OK getting that comment to fit into 1500 characters including spaces was unduly hard work. I hope it still makes sense. Constraints are all to the good, but I wish I'd had room to retain my comparison with Andrew Sullivan: here at least you're more philosophically coherent. Also, I want to make clear that I cite my own background - as should be obvious when I refer to my personal experience of losing any possibility of faith - I do so to emphasize our differences, not to trumpet my expertise. Thank you.
No world view is coherent if it clashes with scientific facts such as the reality that nature has no personality and does not respond to any human pleas.
Modern philosophers who understand this see ethics as an evolved behavior in a social animal.
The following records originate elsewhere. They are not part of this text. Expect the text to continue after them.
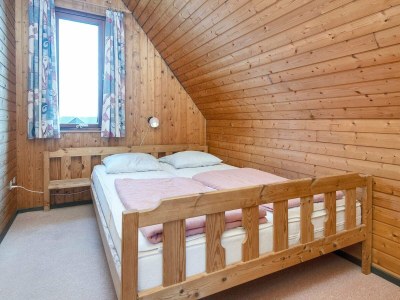 Holiday house 5 Personen Ferienhaus in Harboøre-By Traum - Outdoor photo 10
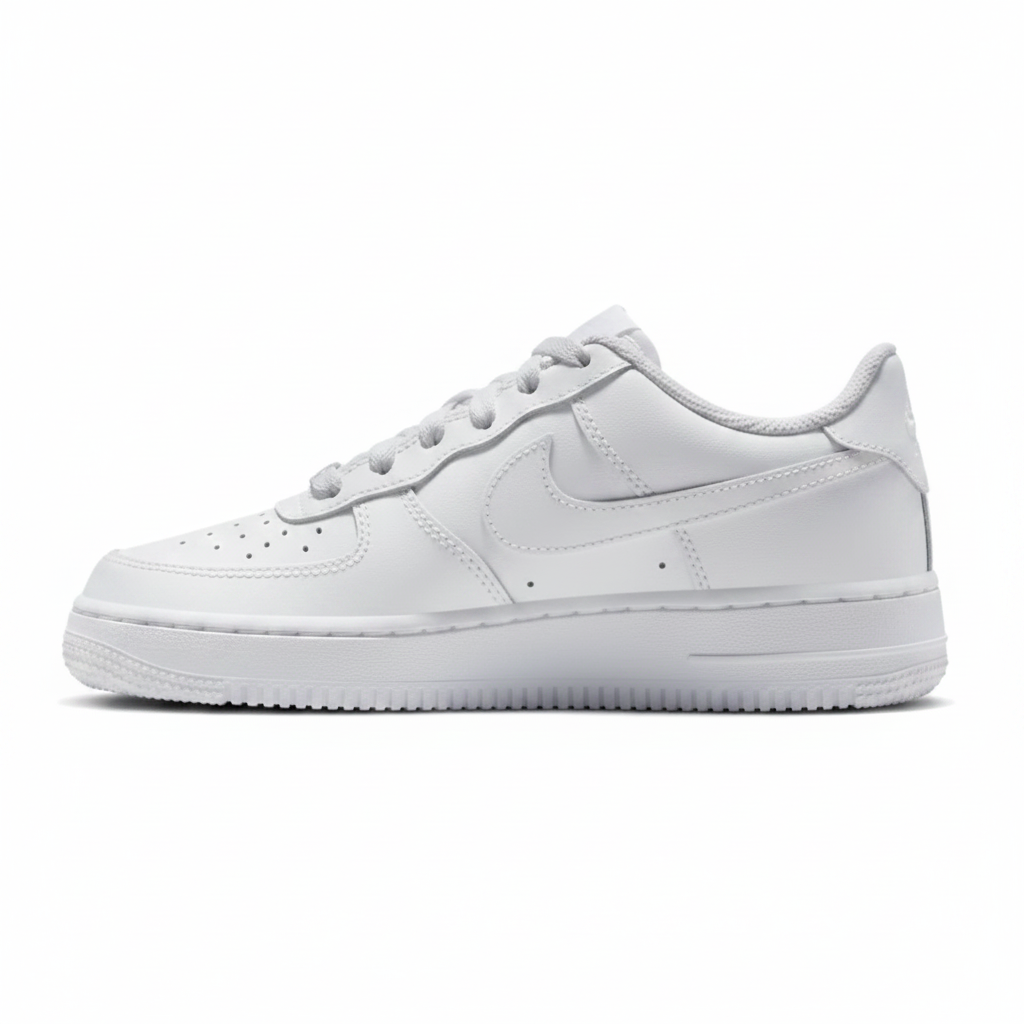 Nike Air Force 1 Low "Triple White"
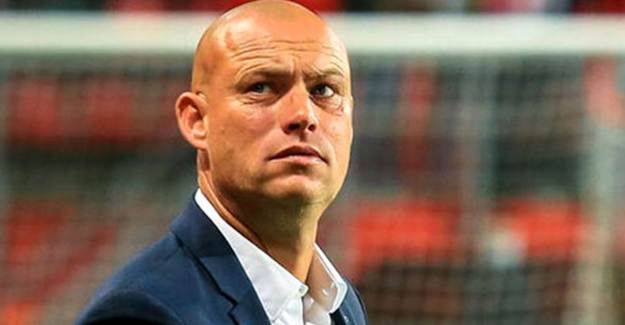 Fortuna Sittard, Teknik Direktör Kevin Hofland ile Yollarını Ayırdı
There is no need to invoke a God to explain what is intrinsic to healthy human beings.
Unfortunately, "Because God says so" is a tautology that destroys logic and blocks negotiation in most dysfunctional societies, and it rests on the specious notion that there is a personage named God who alters the course of nature for people.
This is why modern atheists will not accept politics that argues for policies that are purported to affect what God does to humans.
Though I often disagree with you, I admire your writing about religion. For my Ph.D. in Religion at Princeton, I concentrated in New Testament, early Judaism, Christian origins and patristics; my diss. was on Jerome. Subsequently, teaching New Testament introduction for years made me a convinced atheist. That evolution just happened, without apparent rational basis. I was left with two intuitive convictions: Christianity must be false; only materialism is a plausible world-view. But philosophical grounding for these beliefs is far to seek. All the while, my sympathy & understanding deepened, not only for early Christian thought, but for contemporary Protestant and Catholic teaching.
I much appreciate the sophistication & sensitivity of your writing on religion. This column's affirmation of "multiple coherent world pictures" - & its rejection of "the synthesis of scientism and progressive moral certainty" as one of them - & its valuing of living as if in faith as a mode of philosophical experimentation - particularly impress. Your sympathy for complex, partial, doubting, yet sincere approaches to traditional religion points to a genuinely modern Christianity: one founded, as Paul might have wished, on reason, humility, & doubt (values the Fathers, too, held dear). Your rejection of philosophically crude contemporary atheisms reassures this atheist, by holding out hope for better atheism.
The World is not coherent; even God suffers from cognitive dissonance!!